Luu, Sarah; Sheldon, James; Dendle, Claire; Ojaimi, Samar; Jones, Penelope; Woolley, Ian.
Afiliação
  • Luu S; Monash Infectious Diseases, Monash University, Clayton, Victoria, Australia.
  • Sheldon J; Australian Centre for Blood Diseases, Monash University, Melbourne, Victoria, Australia.
  • Dendle C; Monash Imaging, Monash Health, Clayton, Victoria, Australia.
  • Ojaimi S; Monash Infectious Diseases, Monash Health, Clayton, Victoria, Australia.
  • Jones P; Centre for Inflammatory Diseases, Monash University, Clayton, Victoria, Australia.
  • Woolley I; Monash Infectious Diseases, Monash Health, Clayton, Victoria, Australia.
Intern Med J ; 50(5): 556-564, 2020 05.
Article em En | MEDLINE | ID: mdl-31449712
ABSTRACT

BACKGROUND:

Individuals splenectomised for trauma have lower infection rates than those splenectomised for other conditions. Residual functional splenic tissue (FST) after splenectomy may provide ongoing immunological protection.

AIMS:

To quantify the prevalence and volume of residual FST post-splenectomy using standard testing.

METHODS:

Splenectomised adults were recruited from the Spleen Australia clinical registry. Eligible individuals had been splenectomised at least 1 year prior to their visit and resided in Victoria. Splenic function was identified by evaluating Howell-Jolly bodies and IgM memory B cells. A 99m-Technetium-labelled, heat-denatured erythrocyte scintigraphic scan was performed if splenic function was detected.

RESULTS:

Initially, 75 splenectomised individuals (all cause) were recruited, with a median of 58 years of age and who were splenectomised a median of 14 years previously.

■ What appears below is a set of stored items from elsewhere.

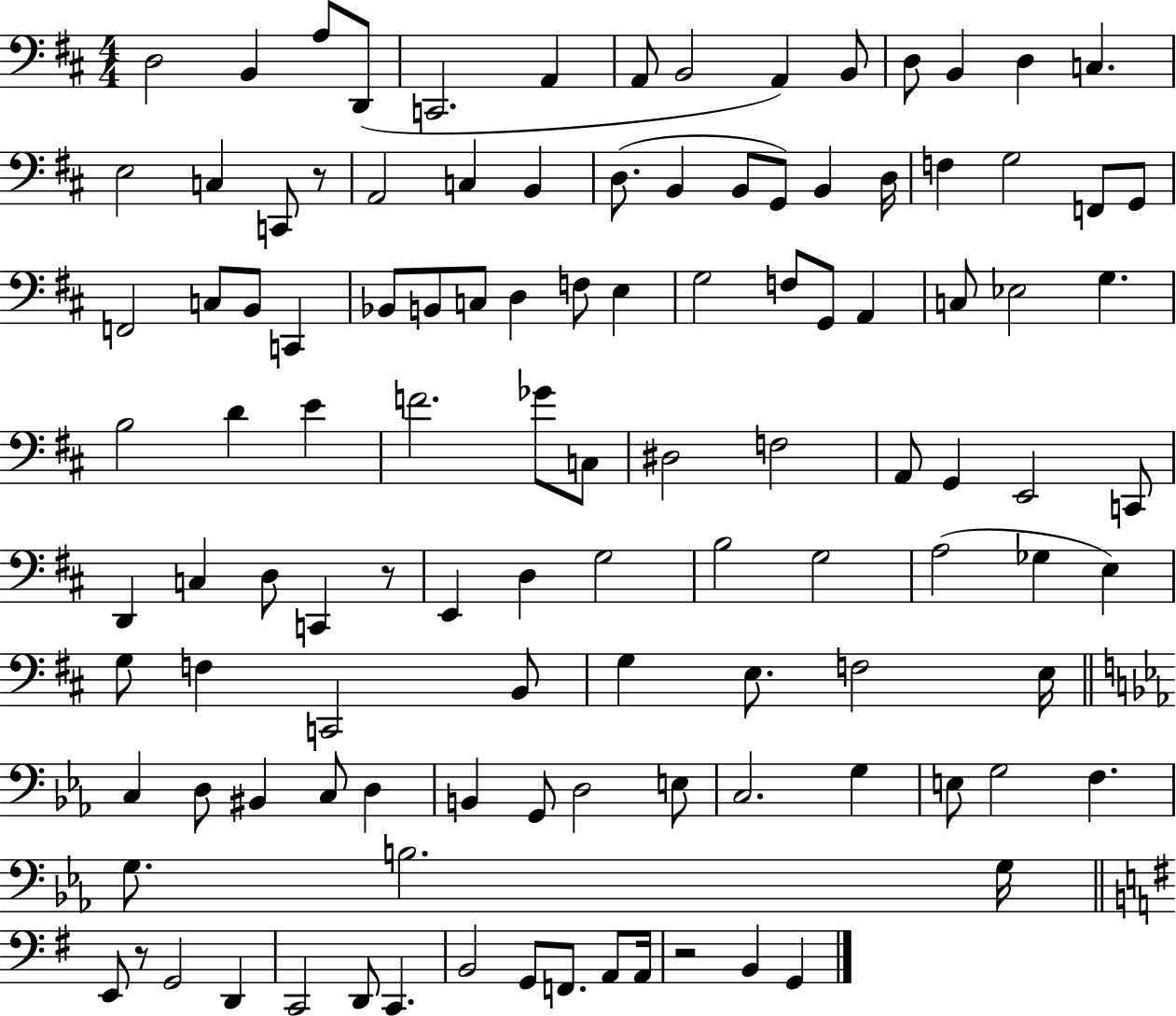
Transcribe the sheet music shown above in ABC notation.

X:1
T:Untitled
M:4/4
L:1/4
K:D
D,2 B,, A,/2 D,,/2 C,,2 A,, A,,/2 B,,2 A,, B,,/2 D,/2 B,, D, C, E,2 C, C,,/2 z/2 A,,2 C, B,, D,/2 B,, B,,/2 G,,/2 B,, D,/4 F, G,2 F,,/2 G,,/2 F,,2 C,/2 B,,/2 C,, _B,,/2 B,,/2 C,/2 D, F,/2 E, G,2 F,/2 G,,/2 A,, C,/2 _E,2 G, B,2 D E F2 _G/2 C,/2 ^D,2 F,2 A,,/2 G,, E,,2 C,,/2 D,, C, D,/2 C,, z/2 E,, D, G,2 B,2 G,2 A,2 _G, E, G,/2 F, C,,2 B,,/2 G, E,/2 F,2 E,/4 C, D,/2 ^B,, C,/2 D, B,, G,,/2 D,2 E,/2 C,2 G, E,/2 G,2 F, G,/2 B,2 G,/4 E,,/2 z/2 G,,2 D,, C,,2 D,,/2 C,, B,,2 G,,/2 F,,/2 A,,/2 A,,/4 z2 B,, G,,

The most common indications for splenectomy were trauma (30.7%) and haematological disease (28.0%). Scintigraphy identified FST in nine individuals (12.0%). Eight had been splenectomised for trauma. In this cohort, 34.8% of individuals splenectomised for trauma had residual FST. To explore our findings further, 45 additional individuals were recruited, predominately individuals splenectomised for trauma. Twenty-five individuals completed assessments by December 2018. An additional 11 individuals had FST, of whom 9 had been splenectomised for trauma. Overall, we identified 20 individuals with residual FST. Volumes ranged from 2.2 to 216.0 cc. We saw individuals with accessory spleens and splenotic nodules and an individual with both. Seventeen individuals had been splenectomised for trauma.

CONCLUSIONS:

Residual FST is commonly seen in individuals splenectomised for trauma. It can present in varying distributions and of varying volume. The clinical significance is unclear.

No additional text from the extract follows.